La référence comme prévention de la précarité de personnes atteintes dans leur santé psychique ?
La référence éducative est une pratique favorisant la continuité et la cohérence de l’accompagnement d’une personne (Gouraud, 2001). Qu’elle s’exerce dans le champ de la santé mentale ou dans un autre contexte, elle a été peu étudiée. À partir d’une enquête exploratoire menée auprès d’éducateurs et éducatrices travaillant avec des personnes souffrant de troubles psychiques, nous questionnerons la fonction de référence, ainsi que la possible prévention de rupture de liens sociaux à laquelle elle pourrait contribuer.
Nous avons ainsi effectué des entretiens semi-directifs auprès d’éducateurs concernés, afin de documenter la fonction de référent et d’appréhender les bénéfices et limites des actions y liées. La référence comporte deux dimensions : l’accompagnement du référé ou aspect « relationnel », et la coordination du projet personnel individualisé ou aspect « administratif » (Cahiers de l’Actif, 2011).
Les maladies psychiques sont parfois présentées comme des maladies du lien. En effet, les symptômes conduisent souvent les personnes souffrant de ces troubles à vivre l’isolement, voire l’exclusion. L’éducateur appuie essentiellement ses interventions sur l’établissement d’une relation avec les personnes qui lui sont confiées (Lemay & Capul, 1996). De même, nous pourrions définir le travail éducatif par le savoir s’y prendre, autrement dit déployer des actions liées à la socialisation de la personne et à l’individualisation en fonction de ses spécificités (Brichaux, 1993). Face à des troubles psychiques, la relation créée entre professionnel-le-s du travail social et bénéficaires permettrait de limiter l’isolement et la précarité.
Selon l’Office fédéral de la santé publique (2014), 50% de la population en Suisse souffrira durant sa vie de troubles psychiques nécessitant un traitement. Environ 30% des personnes atteintes de maladies psychiques ne sont pas soignées par du personnel spécialisé. Dans ce cas, il semble pertinent de parler de précarité. La précarité s’applique à une situation dont l’avenir, la durée, la solidité sont incertains (Audollent, 1999). Qu’elle soit économique et/ou sociale, elle menace la construction d’une existence stable et sereine.

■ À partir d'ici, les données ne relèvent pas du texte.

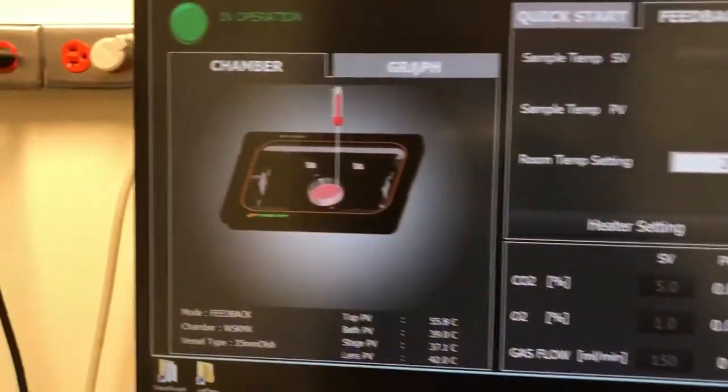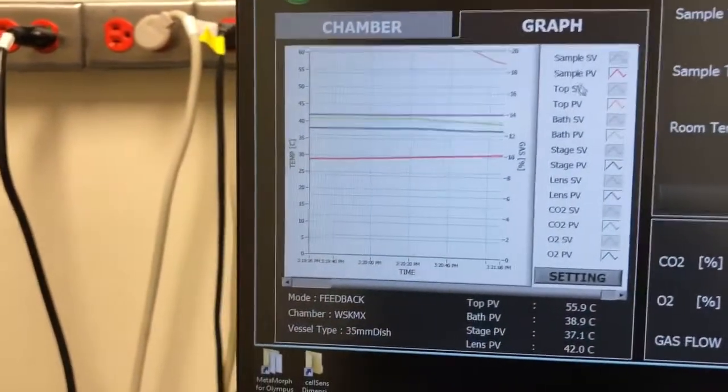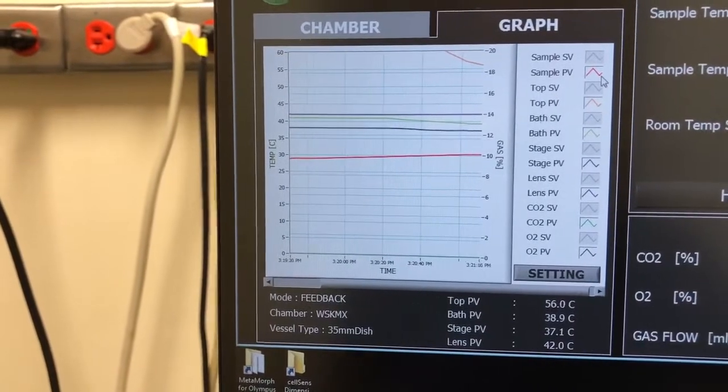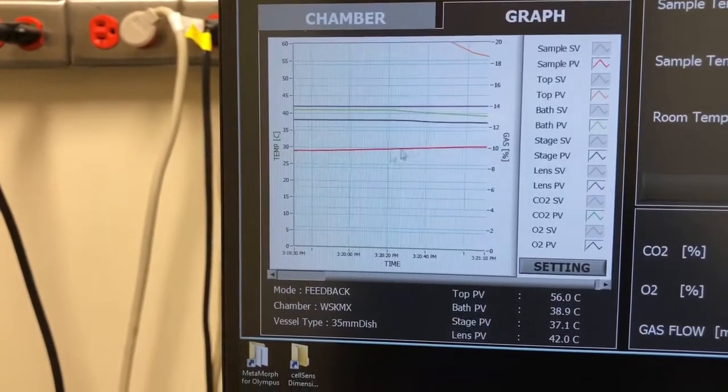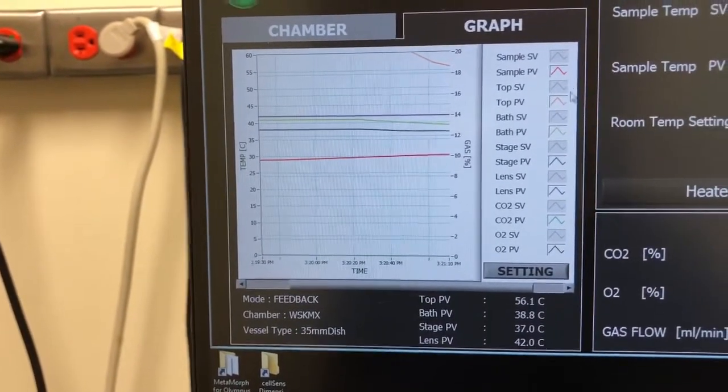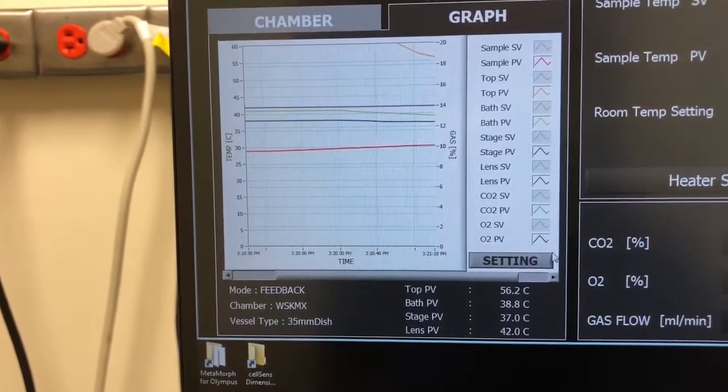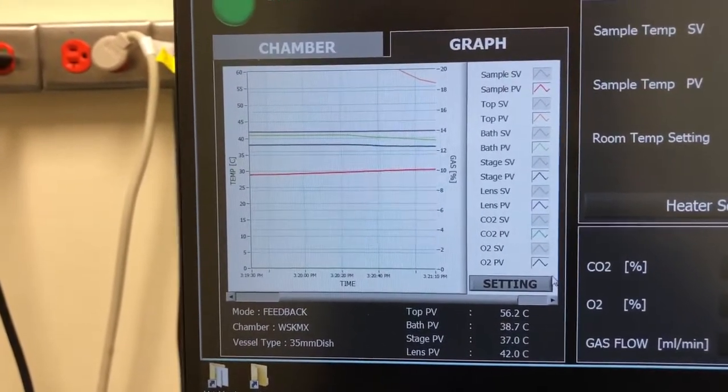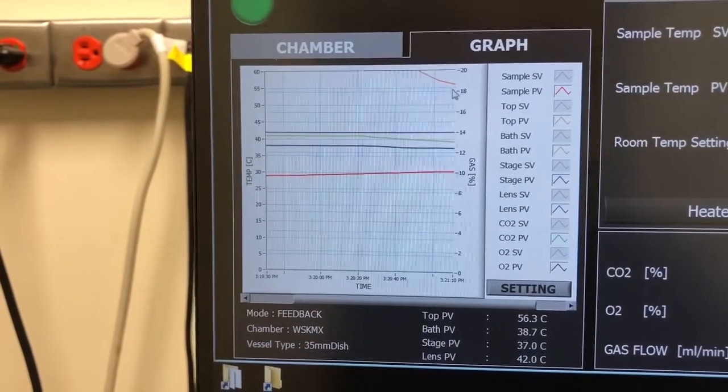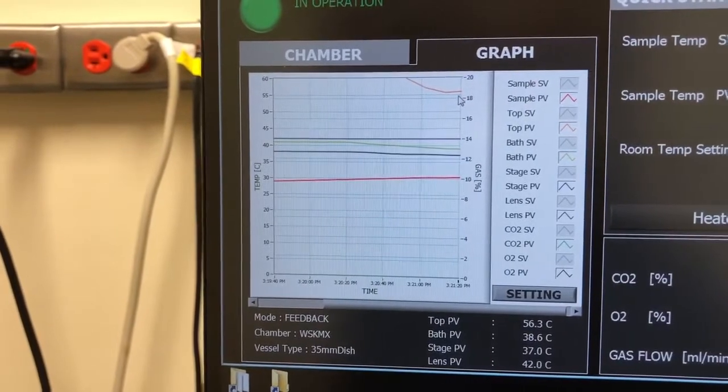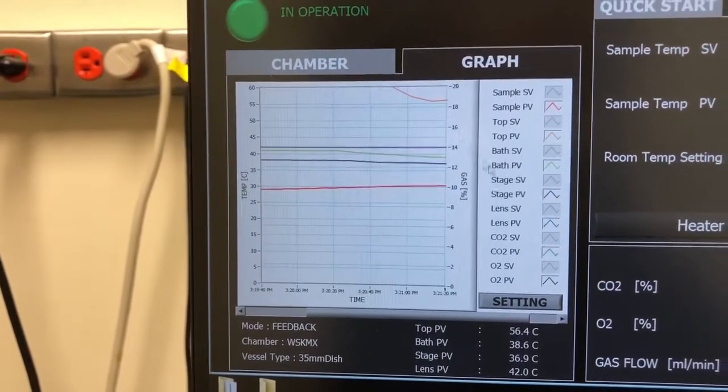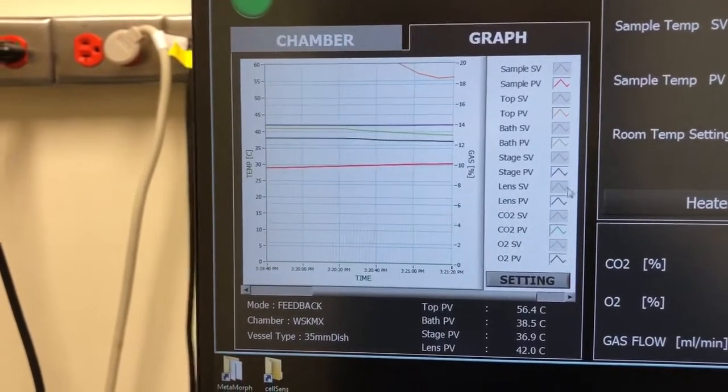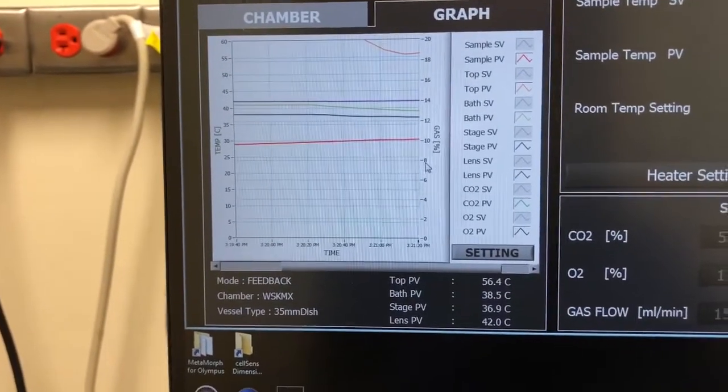And then in this graph, we have various things. We have the sample actual temperature, which is this one. And then we have the temperature of a bunch of other things. The sort of the top of the heater, the bath heater, the stage heater, and the lens heater. Here you can see them.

Les liens entre précarité et santé psychique ont été largement démontrés (Tap, 2004 ; Fassin, 2004 ; Furtos, 2008). "La précarité ne s’applique pas seulement à l’emploi, mais elle déborde sur les autres relations sociales et sur toutes les dimensions de la vie sociale". (Bresson, 2010, 40) La précarité des personnes souffrant de troubles psychiques tient à deux difficultés majeures : la stigmatisation et l’isolement social. L’isolement social résulte de la faiblesse du soutien social, du sentiment de solitude et de la taille restreinte des réseaux sociaux (OFS, 2012).
L’action sociale devrait par conséquent intervenir sur les facteurs de risques de précarité des personnes avec troubles psychiques, et limiter ainsi les risques d’exclusion. Généralement, les usagers en institution sociale sont entourés par divers type de professionnel-le-s (assistant-e social-e, psychiatre, maître-sse socio-professionnel-le, etc.) Le référent a un rôle de médiateur entre l’institution, le bénéficiaire, les professionnels et la famille (Kanyinda S, 2006). Ce rôle de mise en lien dans le réseau contribue à soutenir l’intégration sociale de la personne fragilisée. "Dès lors, nous parlerons d’intégration (sociale) pour indiquer l’inscription des individus dans des réseaux sociaux." (OFS, 2012)
Pour conclure, nous associerons la référence à un rôle de réceptacle d’identité pour le référé. Avoir un interlocuteur qui se fait l’auditoire de notre histoire personnelle paraît indispensable pour exister, en particulier pour les populations précaires, au sens où nous l’avons évoqué plus haut. «Toute situation de la mémoire, évocation du passé, porte en germe la possibilité d’un récit – c’est-à-dire d’une mise en forme qui le rende cohérent, sensé, transmissible» (Gautier, 1999, 44).